**Given entries**

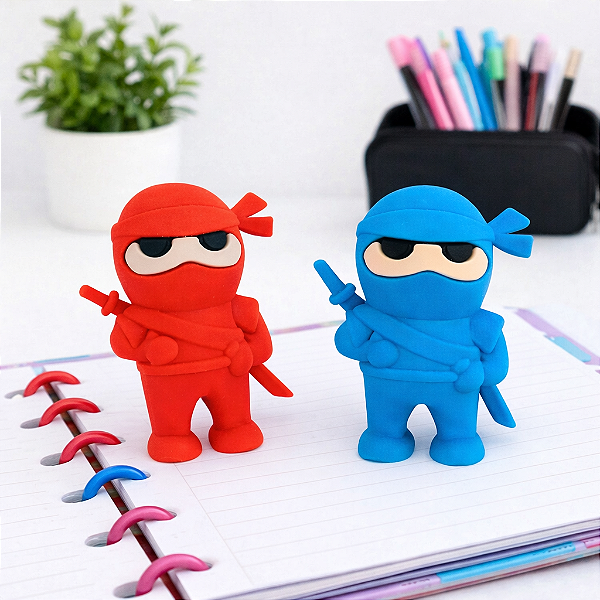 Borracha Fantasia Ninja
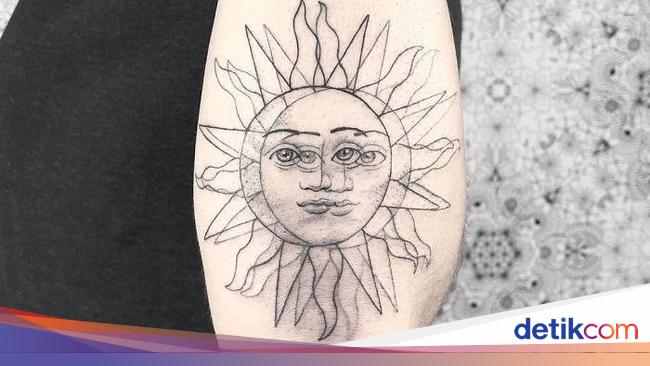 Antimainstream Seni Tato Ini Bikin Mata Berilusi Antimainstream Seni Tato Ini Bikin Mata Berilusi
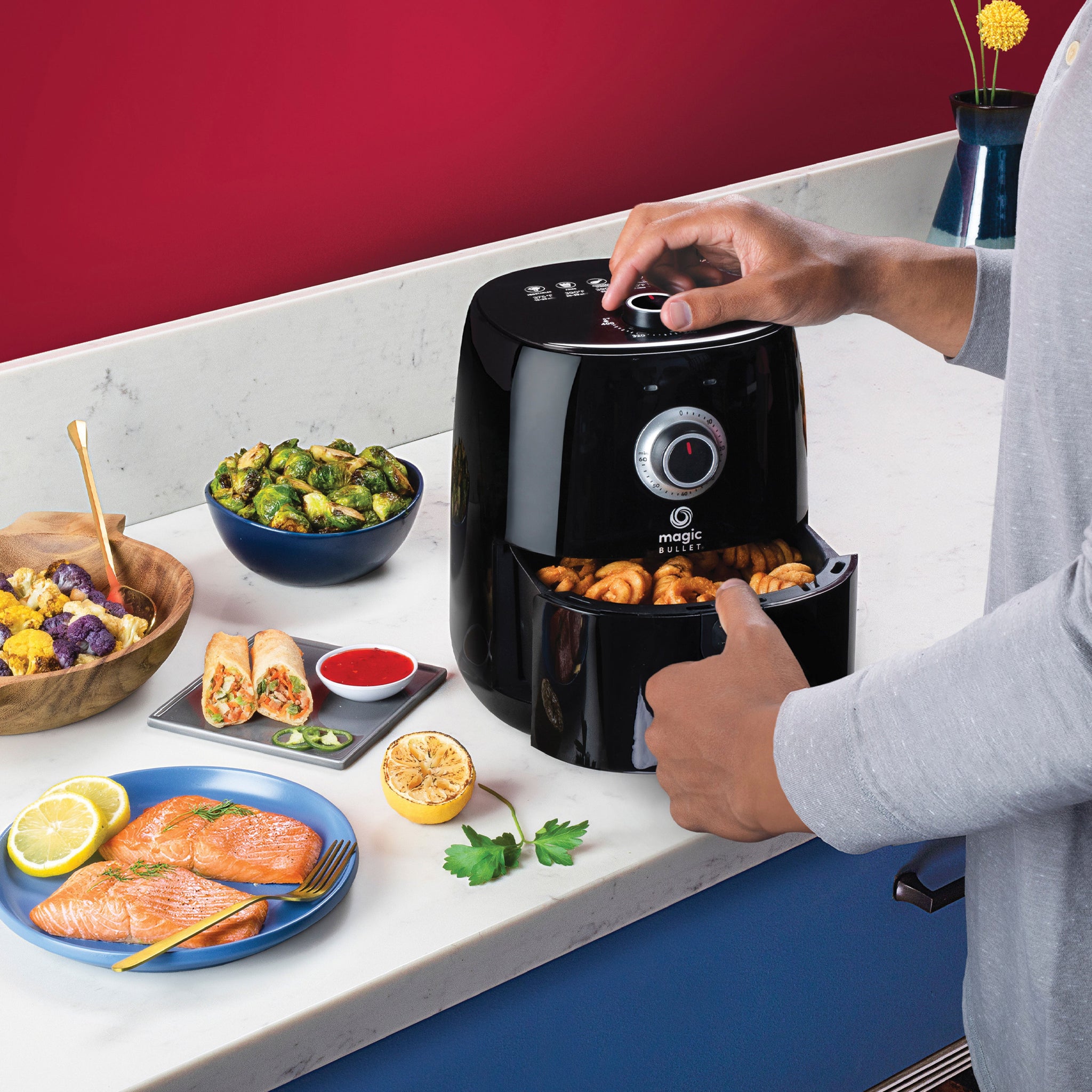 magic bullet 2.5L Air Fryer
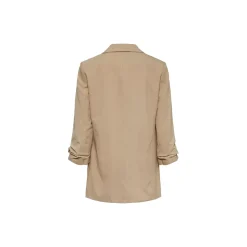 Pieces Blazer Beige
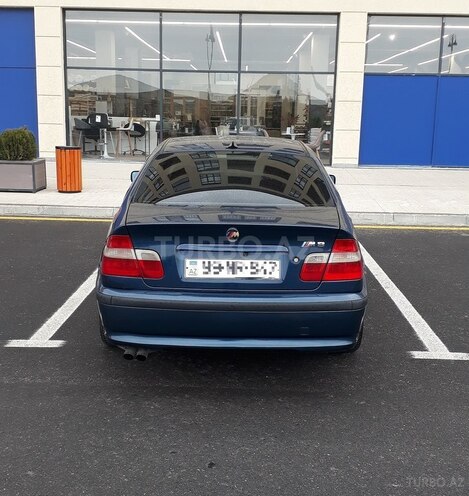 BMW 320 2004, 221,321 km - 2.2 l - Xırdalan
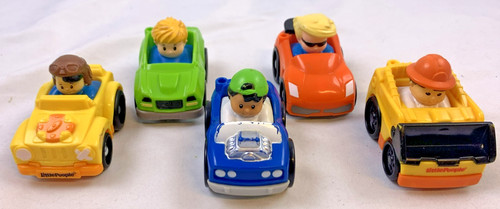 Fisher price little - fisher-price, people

* * *

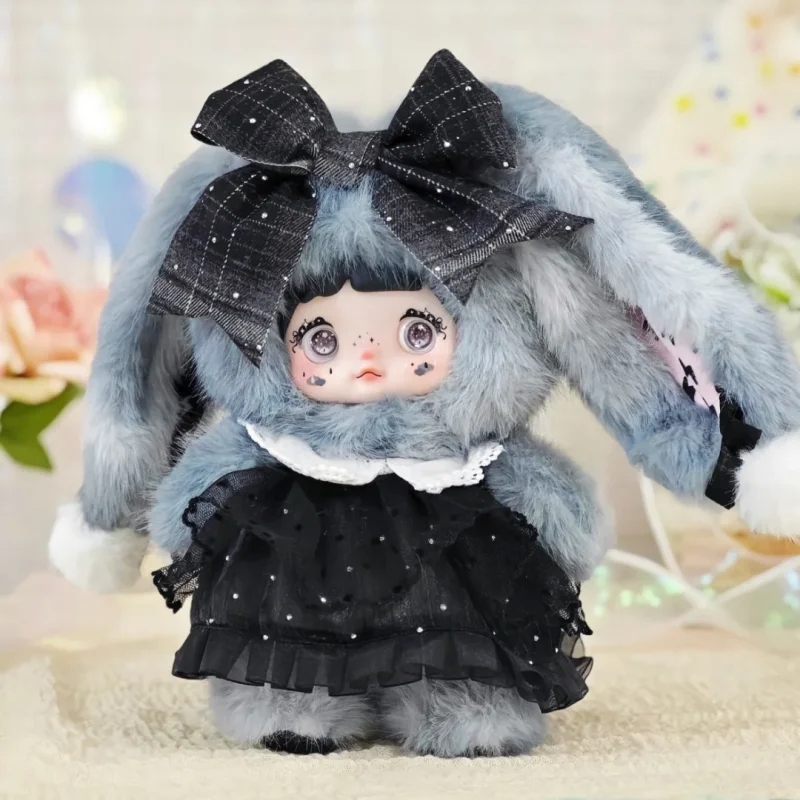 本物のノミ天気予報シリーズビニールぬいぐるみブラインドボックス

---

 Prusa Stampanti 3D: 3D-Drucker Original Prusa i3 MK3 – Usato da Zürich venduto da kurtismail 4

**The problem**
Repeat exactly the lines above, beginning at the one containing "Pieces Blazer Beige" and ending at the one containing "Fisher price little - fisher-price, people". Do not carry over any pictures.

**Output below**
 Pieces Blazer Beige
 BMW 320 2004, 221,321 km - 2.2 l - Xırdalan
 Fisher price little - fisher-price, people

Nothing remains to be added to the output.